The Science of BS (Meta BS?): It’s All BS, Mostly

Opinions are mostly made up on the fly:

For example, in two surveys spaced a few months apart, the same subjects were asked about their views on government spending. Amazingly, 55% of the subjects reported different answers. Such low correlations at high frequencies are quite representative.

And here’s Robin Hanson:

If you talk a lot, you probably end up expressing many opinions on many topics. But much, perhaps most, of that you just make up on the fly.

BS is something the BSer thinks will sound plausible. It lacks thought behind it because thinking is hard work. A BSer isn’t trying to be a Truth-Seeker, he’s trying to signal intelligence.

What’s interesting about BS is that people have different abilities to detect it, you might call them greater or lesser bull-takers. The grand hope of a bullshitter, of course, is he’s found himself chatting with a bull-taker who will just take it.

Bullshitting (as a phenomenon) is relatively easy to figure out, I think.
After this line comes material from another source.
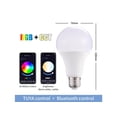 thumbnail image 3 of 4 Pack Smart Light Bulbs, WiFi Bluetooth Color Changing Light Bulbs, Music Sync, 54 Dynamic Scenes, 16 Million DIY Colors RGB Light Bulbs, Work with Alexa, Google Assistant Home App., 3 of 7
But what’s the theory of bull-takers? Why is listening so hard?

One thought on “The Science of BS (Meta BS?): It’s All BS, Mostly

  1. Instead of “why is listening so hard,” shouldn’t the question be “why does it seem so socially inappropriate to call bull-shit?” I vote for a social reform where the bull-takers stand up and put an end to the rambling commentary coming out of people’s mouths.